But Bob had more of a love for being on the air. It was funny because I was on the air full-time when Bob came in, and I would just do occasional production, occasional promos and stuff when I got off the air. It ended up that Bob really wanted to be on the air and I didn’t. I really wanted to go back in the production studio. So we just transitioned. Bob went and took mid-days, and I went back full-time in the production studio and started doing nothing but imaging. We hired a part-time guy that would do the commercials. I would still do occasional commercials for freelance, but mostly I would just do the station promos, and that’s all I did.

Then I got known for that, just doing on-air promos for the Steve and Garry Show on AM 1000 and for Jonathan Brandmeier on The Loop. Kevin Matthews was also in there. We had a lot of great personalities, and I was able to kind of take their personalities and put them into the promos and make them really fun. People would actually call up and would want to hear the promos again, “can you play that again?” like it was a song or something.

JV: Elaborate a little on how you would take their personalities and put them into the promos.
Matt: Well for instance, take Steve Dahl, a very irreverent jock of the Steve and Garry Show — they were very popular and this is probably during the Disco Demolition period. I was still very young and didn’t really want to intrude too much on their show, and again, Steve was kind of an intimidating guy as far as his talent goes, and he would say what he wanted on the air. Well one day in particular he was getting into an on-air fight with his wife Janet over Christmas decorations. I was in the other studio taping it, enjoying it as they were fighting on the air, a husband and wife really going at it because he was too lazy to put up the Christmas decorations, and she was letting him have it full-bore. Here’s this guy who was very macho on the air and yells at people and puts them in their place, here he is like this little kitten being yelled at by his wife.

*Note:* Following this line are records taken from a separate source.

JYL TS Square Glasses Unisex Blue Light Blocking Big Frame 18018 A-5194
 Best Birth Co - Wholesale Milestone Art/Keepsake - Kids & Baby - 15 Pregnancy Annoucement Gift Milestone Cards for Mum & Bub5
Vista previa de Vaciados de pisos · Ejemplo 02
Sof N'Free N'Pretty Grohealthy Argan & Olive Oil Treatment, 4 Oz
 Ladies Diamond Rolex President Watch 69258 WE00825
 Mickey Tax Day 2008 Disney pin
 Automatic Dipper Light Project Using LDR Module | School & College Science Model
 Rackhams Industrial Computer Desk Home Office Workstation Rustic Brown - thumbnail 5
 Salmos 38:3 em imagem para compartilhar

It was very humorous.

So I took that promo and I pretended it was like a Hallmark Christmas card. I was the very mellow announcer on there doing the whole, you know, “Christmas is about love, Christmas is about family. It’s all about being together for the holidays.” I would do that kind of a read over them fighting back and forth with this real syrupy like Manheim Steamroller Silent Night music underneath it. I put it together and brought it in the studio and gave it to Steve, and he put it on the air right away, sight unseen. Not only did he play it, but he played it like every day for the next two weeks, and again, people would be calling for it.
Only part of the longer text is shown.